Pada pukul 20.30 wib
Aksi Switch Off ditandai dengan mematikan lampu di 18 titik Kota Malang selama
satu jam. Hal inilah yang menjadi penanda awal, dimulai dari mematikan lampu
ataupun elektronik karena hal tersebut sangatlah mudah dan cepat sehingga pada
akhirnya hal tersebut dijadikan sebagai gaya hidup yang dilakukan setiap hari.
AKSI KECIL YANG
BERDAMPAK BESAR
Dengan melakukan aksi
kecil seperti mematikan listrik selama satu jam, maka akan dapat menghemat
pemakaian energi listrik yang akan membantu melestarikan bumi kita. “Sebenarnya
aksi yang dilakukan EH Malang ini adalah langkah kecil yang hasilnya cukup
signifikan. Hal simple ketika disadari
oleh semua orang dan dilakukan maka akan sangat baik untuk bumi”, ungkap Yuwono
yang merupakan duta Earth Hour Malang. Selain itu, Voix Acapella juga
mengatakan jika setiap orang ikut dan turut serta maka akan berdampak besar
bagi kehidupan. Oleh karena itu, semua yang berdampak besar itu harus dimulai
dari hal yang kecil.
Selain penghematan
energi, Food Bloger yang merupakan salah satu Duta Earth Hour Malang 2017 ini
sangat antusias untuk mengajak masyarakat dalam mengurangi sampah makanan (food
waste). “Dalam islam food waste itu mubadzir, secara tidak langsung kita harus
bersyukur atas nikmat yang telah diberikan, dan belum banyak yang mengetahui
mengenai sampah makanan yang membludak” ujar Yuwono ketika ditanya mengapa mau
mengkampanyekan food waste.
SobatEH, dewasa ini
melihat perubahan iklim sudah menjadi ancaman kehidupan di bumi akibat
pemanasan global. Salah
satu cara menunda pemanasan global dan krisis lingkungan lain yaitu dengan
mengajak setiap individu untuk mengubah gaya hidup dan menerapkan aksi kecil
yang selalu konsisten sehigga bisa mengurangi kerusakan yang terjadi pada lngkungan kita. Wake
Up Iris! yang sudah 2 tahun menjadi Duta Earth Hour Malang mengungkapkan bahwa
60 menit hanyalah simbol, gerakan yang nyata berasal dari diri kita sendiri
melalui refleksi diri dan peka terhadap lingkungan. Aksi mematikan lampu inilah
yang harus tetap dilakukan secara terus menerus dan tidak hanya 60 menit. “Selain
itu, untuk mengkorelasikan aksi yang diadakan oleh Earth Hour Malang kepada
masyarakat luas untuk ikut serta ini tentunya diperlukan KolaborAksi karena
pada prinsipnya Earth Hour Malang mengidekan konsep aksi yang lebih nyata dan
menyentuh agar tepat guna bagi masyarakat”, jelas Frido. Sehingga, untuk
menyebarkan pengetahuan ini dibutuhkan penerapan gaya hidup hijau yang tidaklah
sulit dilakukan, namun diperlukan waktu dan tempat untuk membiasakan diri yang
intinya semua harus bersama-sama mendukung.
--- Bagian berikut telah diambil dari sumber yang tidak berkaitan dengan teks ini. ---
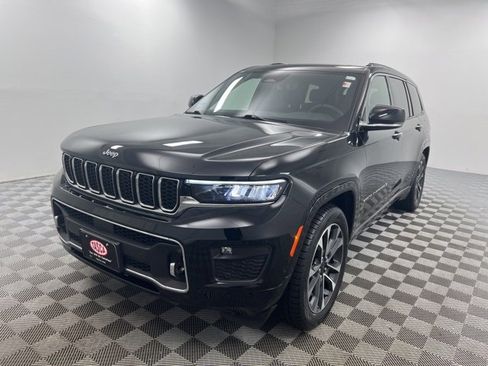 Used 2023 Jeep Grand Cherokee L Overland w/ Luxury Tech Group IV image 2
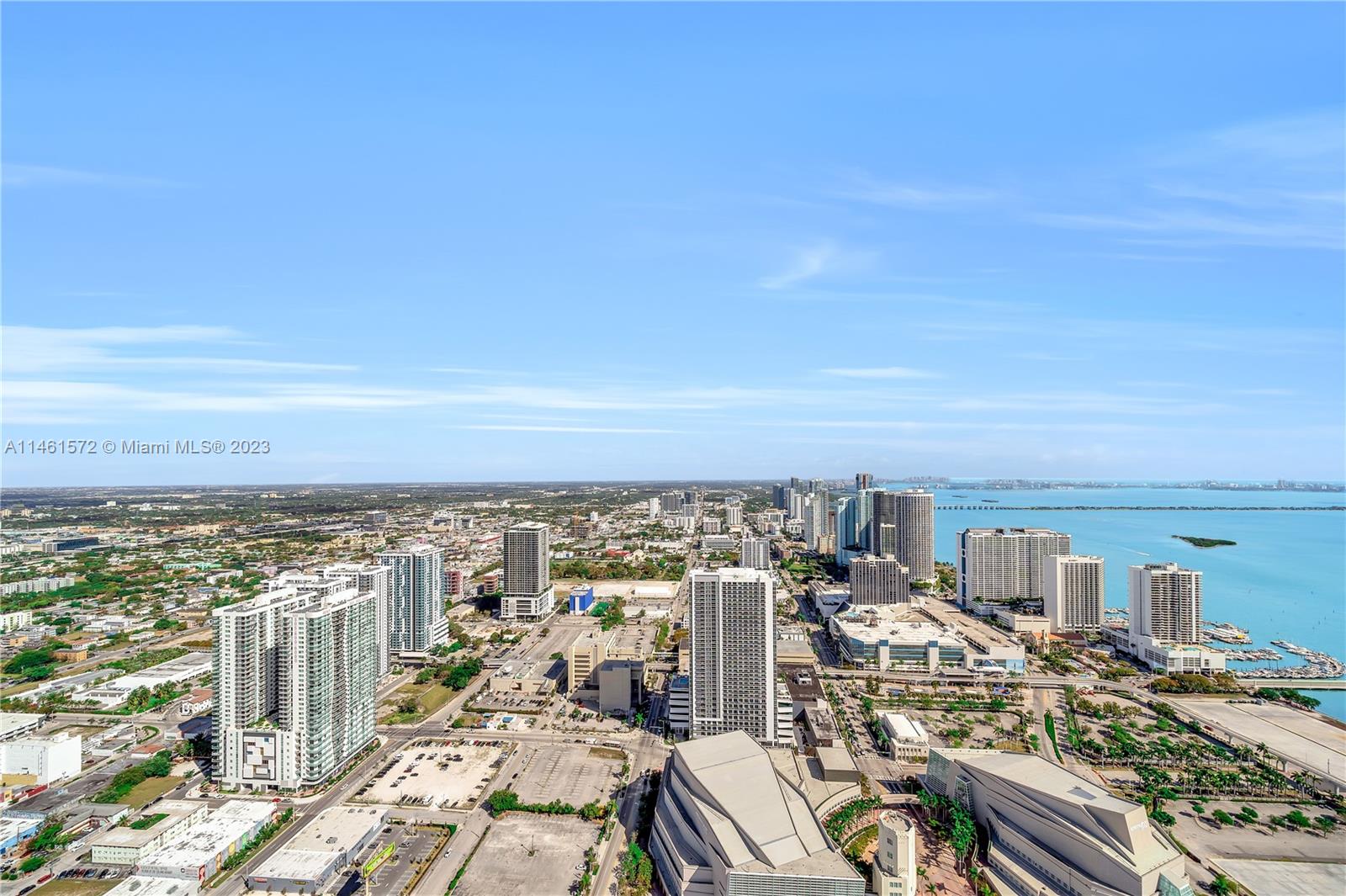 A Vendre_A louer. Annonces immobilieres Miami - Property Residential - A11461572 - A Louer : 1100 Biscayne Blvd #6005, Miami FL 33132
Nah, SobatEH 6 tahun Earth
Hour Malang mengadakan Aksi Switch Off tentu terdapat banyak kritik dan saran
yang dibangun dari banyak pemikiran masyarakat diberbagai kalangan. Seperti
yang diungkapakan oleh Yuwono selaku Duta Earth Hour Malang 2017 bahwa
diperlukan kontinuitas untuk melakukan aksi yang dijadikan sebagai gaya hidup,
dan juga proses perekrutan Volunteer Earth Hour Malang yang perlu diberi
sedikit penambahan, seperti calon yang akan mendaftar diharapkan mempunyai
sumbangsih terhadap lingkungan karena hal itu memungkinkan terjadinya karakter
individu yang sudah terbentuk sebagai tanggung jawab terhadap lingkungan sejak
dini. Selain itu, Wake Up Iris! yang juga merupakan Duta Earth Hour Malang
berharap bahwa Earth Hour Malang bisa merekrut musisi lebih banyak untuk
dijadikan Duta karena musisi mampu menyebarkan ajakan melalui syair lagu yang
disukai oleh berbagai masyarakat.
Oleh karena itu,
SobatEH! Mari kita terus menjaga bumi kita yang semakin tua ini dengan
melakukan aksi kecil yang akan membawa perubahan besar. Aksi hijau sederhana
yang dapat kita lakukan seperti membawa tumblr, mematikan lampu yang tak
terpakai, mengurangi kertas, mengurangi pemakaian bahan bakar mesin, merawat
tanaman dan lain sebagainya. Hal tersebut sangatlah bermanfaat untuk bumi kita
kedepannya. Jadikan gaya hidup hijau sebagai kebiasaan ya SobatEH!